Task directions: Given the entries that follow, write out exactly the lines starting at the one containing "Top Home Solutions" and ending at the one containing "Жувальна гумка Wrigley's", both ends included, and only those.

Available data:
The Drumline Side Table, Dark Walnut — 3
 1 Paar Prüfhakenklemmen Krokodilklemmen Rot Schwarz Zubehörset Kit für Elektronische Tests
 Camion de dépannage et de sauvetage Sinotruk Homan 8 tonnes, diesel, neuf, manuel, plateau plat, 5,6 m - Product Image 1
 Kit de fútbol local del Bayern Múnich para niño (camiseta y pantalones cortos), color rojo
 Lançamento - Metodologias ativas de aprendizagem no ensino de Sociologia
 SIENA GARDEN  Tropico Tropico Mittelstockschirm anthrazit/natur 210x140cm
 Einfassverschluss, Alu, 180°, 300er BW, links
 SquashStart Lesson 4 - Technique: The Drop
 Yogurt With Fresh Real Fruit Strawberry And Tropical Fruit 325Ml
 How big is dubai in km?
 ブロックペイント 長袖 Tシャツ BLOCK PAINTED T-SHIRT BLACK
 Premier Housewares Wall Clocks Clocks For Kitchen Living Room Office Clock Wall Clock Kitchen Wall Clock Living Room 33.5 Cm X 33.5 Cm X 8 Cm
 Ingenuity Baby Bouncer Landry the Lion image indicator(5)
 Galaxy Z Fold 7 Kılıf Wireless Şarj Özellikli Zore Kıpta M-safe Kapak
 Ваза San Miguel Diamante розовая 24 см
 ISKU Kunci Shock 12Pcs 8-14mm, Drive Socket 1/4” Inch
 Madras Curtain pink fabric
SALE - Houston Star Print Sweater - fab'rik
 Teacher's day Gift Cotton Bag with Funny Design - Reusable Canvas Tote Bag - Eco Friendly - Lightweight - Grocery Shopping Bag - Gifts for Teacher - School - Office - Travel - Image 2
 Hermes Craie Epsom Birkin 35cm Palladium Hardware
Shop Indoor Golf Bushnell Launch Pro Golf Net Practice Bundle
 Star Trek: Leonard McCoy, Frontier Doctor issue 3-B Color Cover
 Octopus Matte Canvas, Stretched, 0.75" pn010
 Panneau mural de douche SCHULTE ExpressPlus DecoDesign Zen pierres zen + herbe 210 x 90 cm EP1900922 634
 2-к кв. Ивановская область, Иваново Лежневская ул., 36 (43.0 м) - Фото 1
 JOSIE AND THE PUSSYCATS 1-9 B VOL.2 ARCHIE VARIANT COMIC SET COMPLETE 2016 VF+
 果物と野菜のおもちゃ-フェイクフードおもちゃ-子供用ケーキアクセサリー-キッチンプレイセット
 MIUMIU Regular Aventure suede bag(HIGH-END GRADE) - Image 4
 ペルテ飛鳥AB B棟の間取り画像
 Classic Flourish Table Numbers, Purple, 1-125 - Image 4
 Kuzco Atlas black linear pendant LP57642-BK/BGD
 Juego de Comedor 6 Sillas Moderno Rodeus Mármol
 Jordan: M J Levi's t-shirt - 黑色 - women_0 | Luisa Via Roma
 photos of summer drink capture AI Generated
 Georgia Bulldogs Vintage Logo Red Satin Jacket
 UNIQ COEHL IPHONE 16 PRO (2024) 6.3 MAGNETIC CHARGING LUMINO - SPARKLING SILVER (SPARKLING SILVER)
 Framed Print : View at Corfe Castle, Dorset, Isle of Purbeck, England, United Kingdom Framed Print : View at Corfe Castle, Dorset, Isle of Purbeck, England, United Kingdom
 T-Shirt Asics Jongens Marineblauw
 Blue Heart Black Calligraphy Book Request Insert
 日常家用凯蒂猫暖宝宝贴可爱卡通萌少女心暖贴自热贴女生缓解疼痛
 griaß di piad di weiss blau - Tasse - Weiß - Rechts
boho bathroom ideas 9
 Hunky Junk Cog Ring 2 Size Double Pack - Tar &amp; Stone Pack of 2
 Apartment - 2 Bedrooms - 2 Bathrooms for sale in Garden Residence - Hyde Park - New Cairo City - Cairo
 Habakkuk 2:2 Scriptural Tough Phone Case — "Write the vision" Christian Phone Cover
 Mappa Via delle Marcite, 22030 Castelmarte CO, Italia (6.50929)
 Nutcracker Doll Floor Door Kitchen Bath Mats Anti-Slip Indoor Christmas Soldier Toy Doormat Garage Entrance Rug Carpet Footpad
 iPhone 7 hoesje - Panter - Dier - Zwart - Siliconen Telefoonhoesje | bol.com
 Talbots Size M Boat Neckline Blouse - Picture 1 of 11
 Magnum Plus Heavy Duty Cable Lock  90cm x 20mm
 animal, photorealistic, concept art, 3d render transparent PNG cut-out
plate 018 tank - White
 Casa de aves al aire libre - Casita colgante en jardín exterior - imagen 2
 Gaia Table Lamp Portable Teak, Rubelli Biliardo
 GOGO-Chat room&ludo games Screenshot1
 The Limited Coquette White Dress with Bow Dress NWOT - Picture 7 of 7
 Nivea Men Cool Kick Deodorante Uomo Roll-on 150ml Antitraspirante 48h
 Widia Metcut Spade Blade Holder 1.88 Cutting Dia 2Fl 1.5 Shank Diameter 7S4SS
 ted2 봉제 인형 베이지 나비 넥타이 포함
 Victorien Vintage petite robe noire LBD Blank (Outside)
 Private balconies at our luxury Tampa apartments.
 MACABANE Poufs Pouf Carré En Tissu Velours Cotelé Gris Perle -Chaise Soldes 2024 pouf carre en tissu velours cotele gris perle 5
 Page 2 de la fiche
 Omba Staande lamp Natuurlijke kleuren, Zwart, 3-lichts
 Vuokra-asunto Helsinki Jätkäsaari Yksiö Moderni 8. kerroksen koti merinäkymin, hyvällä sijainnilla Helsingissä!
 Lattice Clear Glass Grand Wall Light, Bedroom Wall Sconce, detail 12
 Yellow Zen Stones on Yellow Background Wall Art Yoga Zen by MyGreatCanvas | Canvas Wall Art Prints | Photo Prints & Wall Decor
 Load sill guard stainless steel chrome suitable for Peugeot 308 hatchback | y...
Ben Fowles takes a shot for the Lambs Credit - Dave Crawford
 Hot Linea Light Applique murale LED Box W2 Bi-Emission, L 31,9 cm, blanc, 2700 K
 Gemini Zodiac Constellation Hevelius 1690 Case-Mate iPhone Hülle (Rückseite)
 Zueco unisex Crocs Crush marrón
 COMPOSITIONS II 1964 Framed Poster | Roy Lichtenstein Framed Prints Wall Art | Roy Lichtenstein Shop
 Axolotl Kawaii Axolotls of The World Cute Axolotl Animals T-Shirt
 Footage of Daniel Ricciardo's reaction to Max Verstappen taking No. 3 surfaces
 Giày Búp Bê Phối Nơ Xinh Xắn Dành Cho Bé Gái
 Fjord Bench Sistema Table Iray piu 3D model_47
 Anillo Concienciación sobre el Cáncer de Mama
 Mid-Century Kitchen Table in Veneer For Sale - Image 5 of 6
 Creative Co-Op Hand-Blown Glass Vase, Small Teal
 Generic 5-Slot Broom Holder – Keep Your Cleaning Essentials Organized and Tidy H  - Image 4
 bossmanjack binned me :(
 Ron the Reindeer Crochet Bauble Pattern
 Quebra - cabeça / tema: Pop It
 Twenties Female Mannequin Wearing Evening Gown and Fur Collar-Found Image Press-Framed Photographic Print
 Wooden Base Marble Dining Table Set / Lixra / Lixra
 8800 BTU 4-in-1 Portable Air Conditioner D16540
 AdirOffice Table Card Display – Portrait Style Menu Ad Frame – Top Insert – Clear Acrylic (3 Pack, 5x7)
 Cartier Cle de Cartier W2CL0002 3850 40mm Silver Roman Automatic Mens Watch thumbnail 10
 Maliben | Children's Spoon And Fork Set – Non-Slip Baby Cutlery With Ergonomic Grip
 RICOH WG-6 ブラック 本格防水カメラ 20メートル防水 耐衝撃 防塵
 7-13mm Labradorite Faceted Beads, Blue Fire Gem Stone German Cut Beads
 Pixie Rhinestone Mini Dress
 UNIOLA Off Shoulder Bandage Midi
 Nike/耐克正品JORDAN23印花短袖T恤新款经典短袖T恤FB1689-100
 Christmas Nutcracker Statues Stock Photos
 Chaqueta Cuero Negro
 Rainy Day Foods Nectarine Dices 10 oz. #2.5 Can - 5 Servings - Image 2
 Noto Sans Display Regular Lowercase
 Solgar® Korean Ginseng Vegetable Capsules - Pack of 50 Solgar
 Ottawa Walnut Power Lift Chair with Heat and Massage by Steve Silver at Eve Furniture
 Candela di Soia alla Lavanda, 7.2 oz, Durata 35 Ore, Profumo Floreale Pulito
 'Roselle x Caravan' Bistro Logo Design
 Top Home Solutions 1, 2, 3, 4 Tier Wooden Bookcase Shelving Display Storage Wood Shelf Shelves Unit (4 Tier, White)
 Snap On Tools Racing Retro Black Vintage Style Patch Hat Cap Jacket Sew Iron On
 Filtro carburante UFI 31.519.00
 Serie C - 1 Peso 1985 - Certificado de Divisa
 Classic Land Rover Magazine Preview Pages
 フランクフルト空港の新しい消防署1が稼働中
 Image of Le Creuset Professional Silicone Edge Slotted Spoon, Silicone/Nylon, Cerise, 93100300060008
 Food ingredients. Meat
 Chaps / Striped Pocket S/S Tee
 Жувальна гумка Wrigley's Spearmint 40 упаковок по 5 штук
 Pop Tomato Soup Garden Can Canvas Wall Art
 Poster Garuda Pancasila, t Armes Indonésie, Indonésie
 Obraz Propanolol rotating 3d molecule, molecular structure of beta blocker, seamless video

Exercise output:
 Top Home Solutions 1, 2, 3, 4 Tier Wooden Bookcase Shelving Display Storage Wood Shelf Shelves Unit (4 Tier, White)
 Snap On Tools Racing Retro Black Vintage Style Patch Hat Cap Jacket Sew Iron On
 Filtro carburante UFI 31.519.00
 Serie C - 1 Peso 1985 - Certificado de Divisa
 Classic Land Rover Magazine Preview Pages
 フランクフルト空港の新しい消防署1が稼働中
 Image of Le Creuset Professional Silicone Edge Slotted Spoon, Silicone/Nylon, Cerise, 93100300060008
 Food ingredients. Meat
 Chaps / Striped Pocket S/S Tee
 Жувальна гумка Wrigley's Spearmint 40 упаковок по 5 штук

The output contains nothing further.